It makes no difference where you live and work in the UK, low pay is low pay. Putting a floor under pay to avoid unacceptably low levels is what the national minimum wage is about. The argument of some noble Lords, like the noble Lords, Lord Mackay and Lord Thomas of Gresford, might be valid if we were debating the level of wages. That would depend upon peoples skills and abilities and the need for those in different parts of the United Kingdom. But we are not talking about a wages policy; we are talking about a national minimum wage. This is a minimum level above which fairness starts and below which exploitation begins. And this should certainly be no different in Scotland than in the rest of the United Kingdom.

The Government's proposal is for a simple practical system involving a single national minimum wage which can be established quickly in the public perception. Both sides of industry, both in Scotland and in the UK as a whole, accepted this proposal, which will achieve a level playing field for business and minimise bureaucracy.

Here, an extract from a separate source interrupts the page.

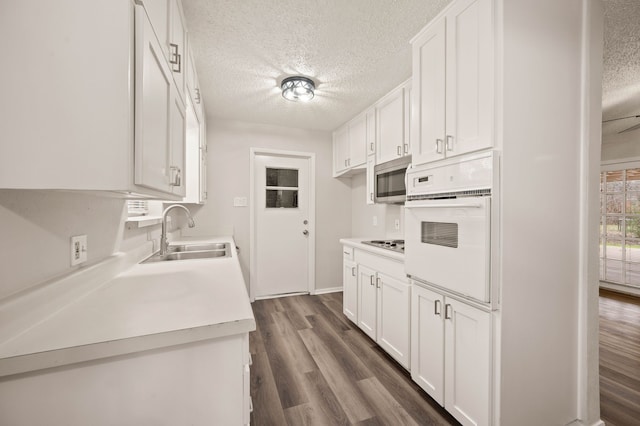 kitchen featuring white oven, light countertops, stainless steel microwave, white cabinets, and a sink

In the Government's view, the economic case for regional rates does not stand up. How would it accommodate pockets of low or high pay within regions? The fact is that low pay is found in all regions. A system of unequal rates would also be confusing and impose an unnecessary burden upon business. We do not want to create low pay ghettos. The aim of the national minimum wage is to encourage firms to compete in terms of the quality of goods and services, not to focus on low prices based on rock-bottom rates of pay.

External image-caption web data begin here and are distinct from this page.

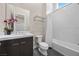 Bright bathroom with a large mirror, modern vanity, and bathtub with a shower curtain at 5166 Stone View Dr, Las Vegas, NV 89135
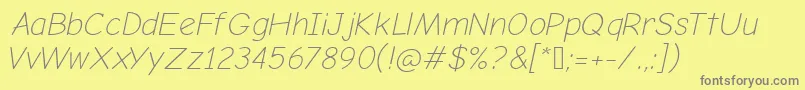 ComicNeueLightOblique-fontti – harmaat kirjasimet keltaisella taustalla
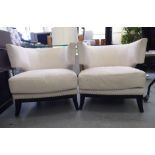 A pair of modern stud upholstered cream coloured fabric covered armchairs, raised on splayed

The recent Opposition amendment to the National Minimum Wage Bill will not deter the Government from their manifesto commitment to introduce a single national minimum wage. That amendment introduced a power for the Secretary of State to undermine the national minimum wage through exemptions. I should make clear that this Government would have no intention of using the power, if it still remains after the National Minimum Wage Bill has completed its parliamentary consideration.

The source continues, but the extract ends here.